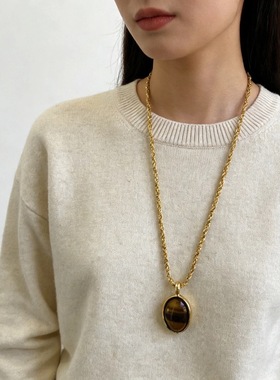 石头镶嵌吊坠项链高级感美拉德小众虎眼石镶嵌吊坠麻绳链毛衣链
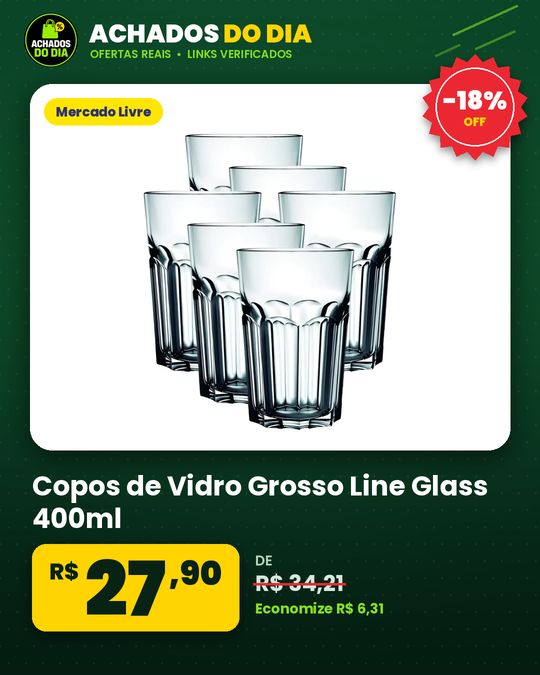 Copos de Vidro Grosso Line Glass 400ml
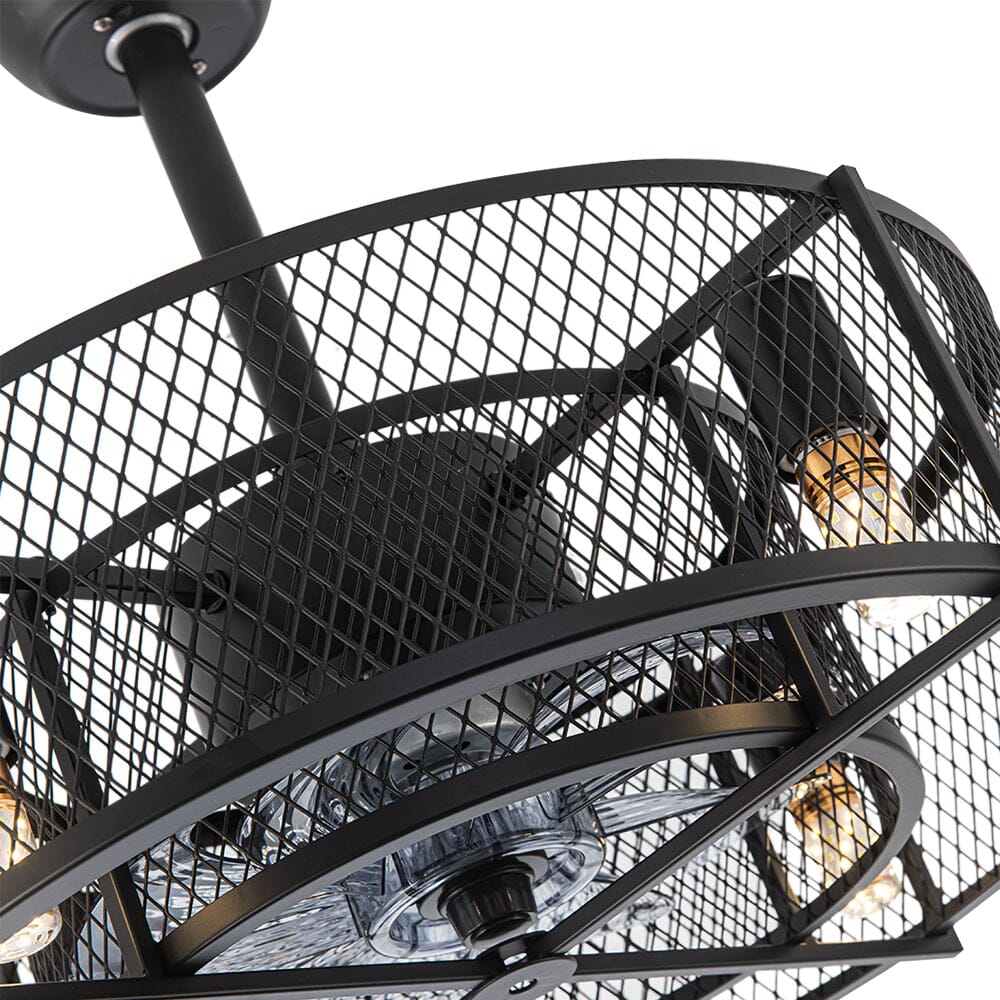 Black Ceiling Fan with 30W Light Wind Pendant with Metal Mesh Cage - House Comfort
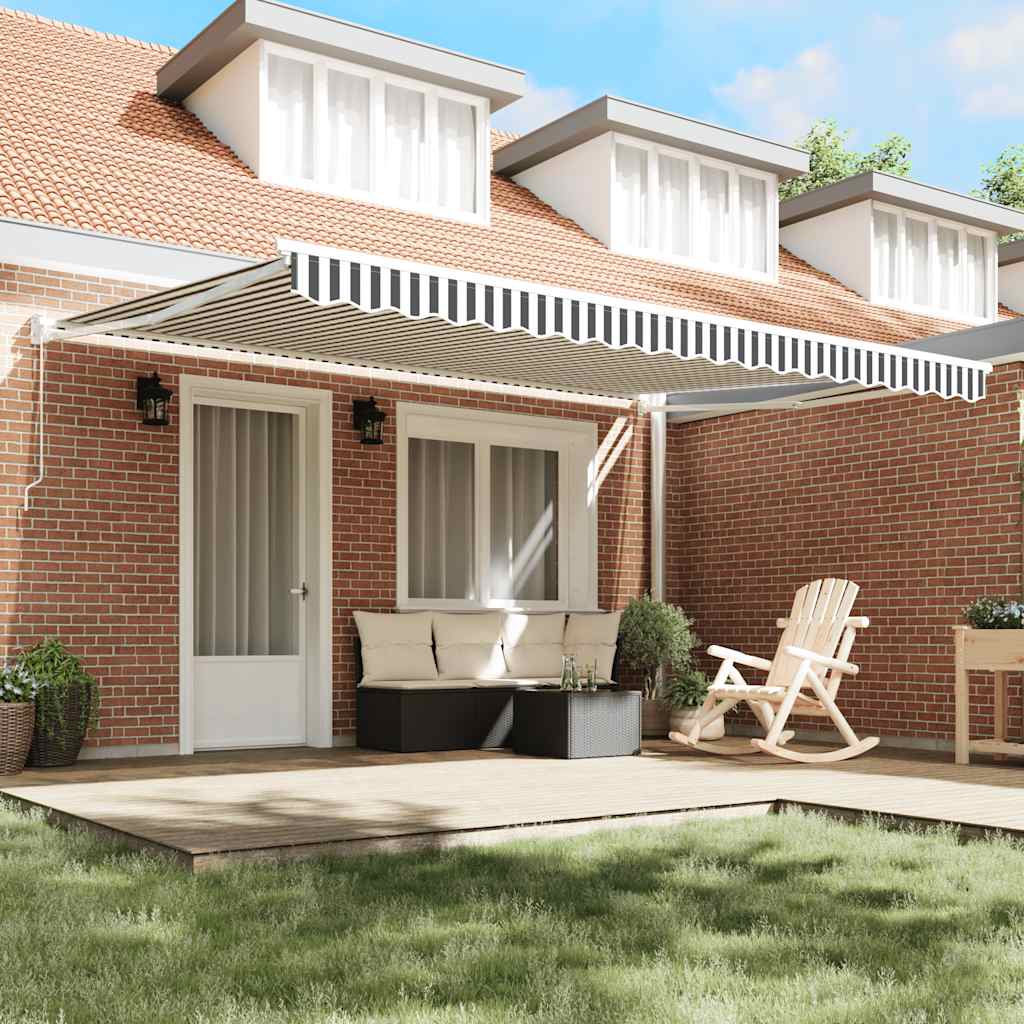 Luifel uittrekbaar 4,5x3 m stof en aluminium antraciet en wit is nu te koop bij PeponiXL, paradijselijk wonen!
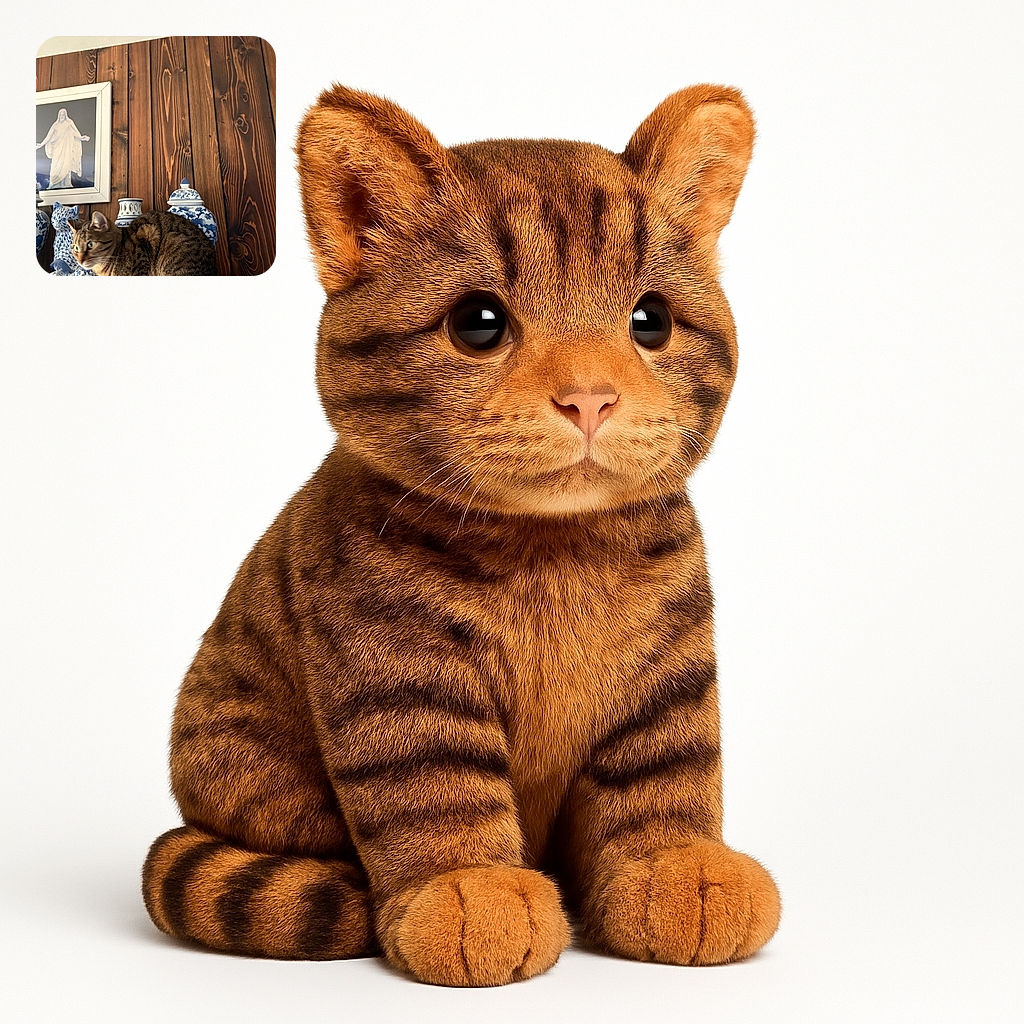 A curious tabby cat is perched among blue and white ceramic vases and figurines on a wooden shelf, with a framed picture of a robed figure in the background. The cat looks alert and slightly blurry as if caught mid-movement, adding a lively touch to the cozy, rustic setting.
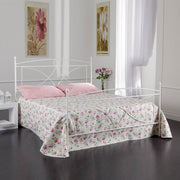 Iron double bed with white ALICE footboard 166x208x h128 cm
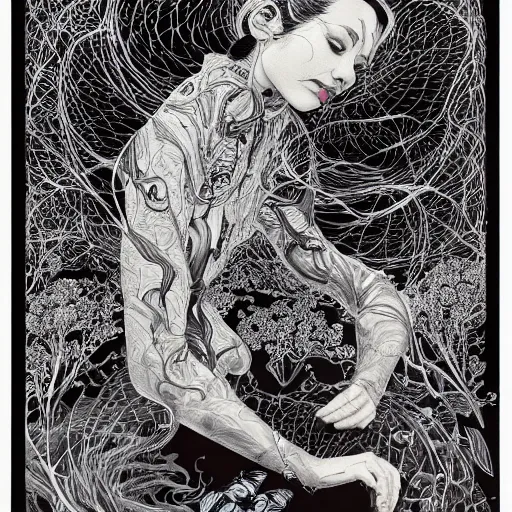 Image similar to life is so beautiful painted in alex grey and james jean style drawn by vania zouravliov and takato yamamoto, inspired by y - 3, intricate acrylic gouache painting, black and white, 3 d, high detail, sharp high detail, artstation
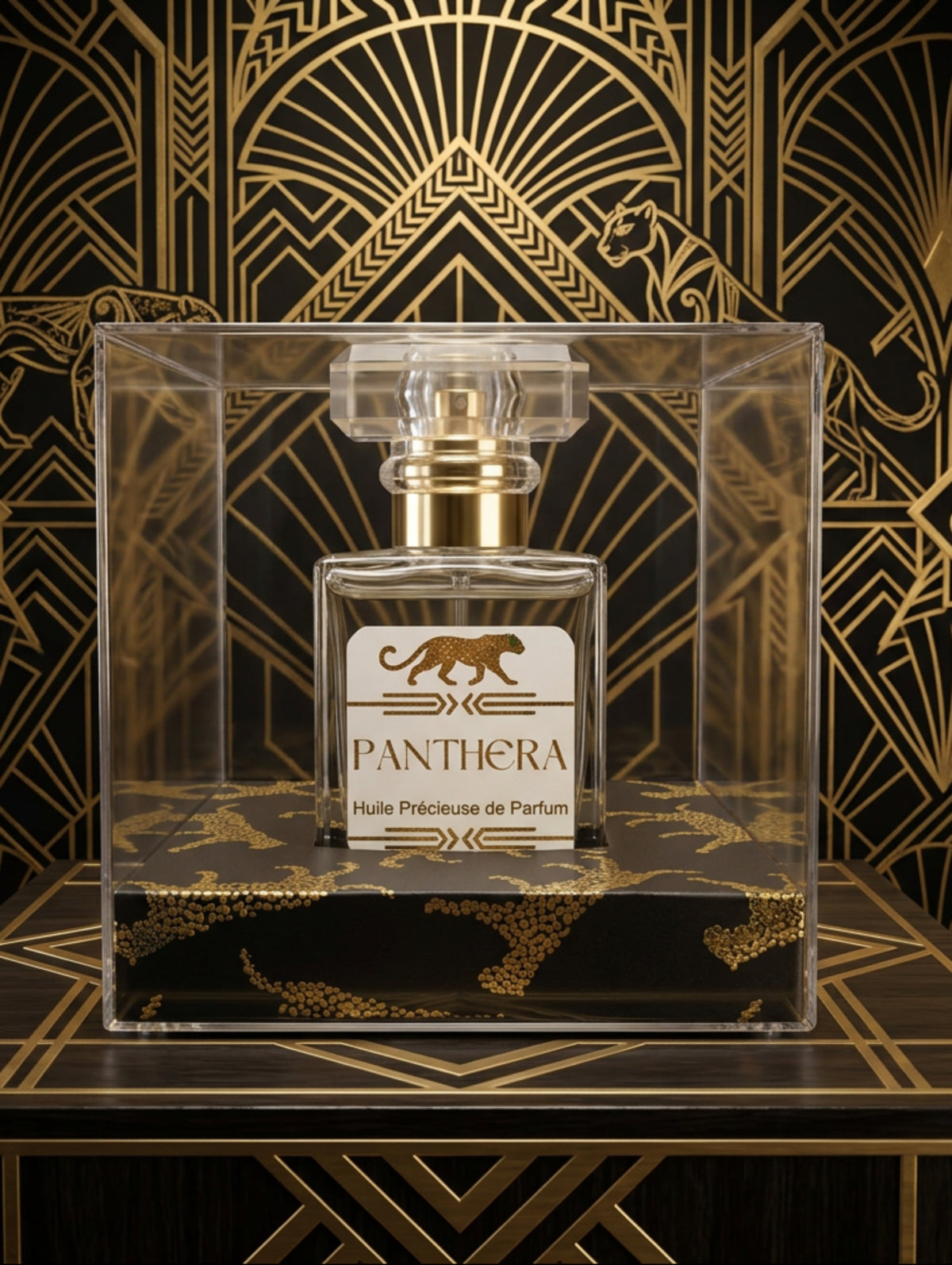 Spray Perfume Oil in Panthera fragrance at Eau de Parfum strength in a clear acetate box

- [The problem] The answer should hold every line of the listing, copied exactly, with no pictures.

- [Answer section]
 石头镶嵌吊坠项链高级感美拉德小众虎眼石镶嵌吊坠麻绳链毛衣链
 Copos de Vidro Grosso Line Glass 400ml
 Black Ceiling Fan with 30W Light Wind Pendant with Metal Mesh Cage - House Comfort
 Luifel uittrekbaar 4,5x3 m stof en aluminium antraciet en wit is nu te koop bij PeponiXL, paradijselijk wonen!
 A curious tabby cat is perched among blue and white ceramic vases and figurines on a wooden shelf, with a framed picture of a robed figure in the background. The cat looks alert and slightly blurry as if caught mid-movement, adding a lively touch to the cozy, rustic setting.
 Iron double bed with white ALICE footboard 166x208x h128 cm
 Image similar to life is so beautiful painted in alex grey and james jean style drawn by vania zouravliov and takato yamamoto, inspired by y - 3, intricate acrylic gouache painting, black and white, 3 d, high detail, sharp high detail, artstation
 Spray Perfume Oil in Panthera fragrance at Eau de Parfum strength in a clear acetate box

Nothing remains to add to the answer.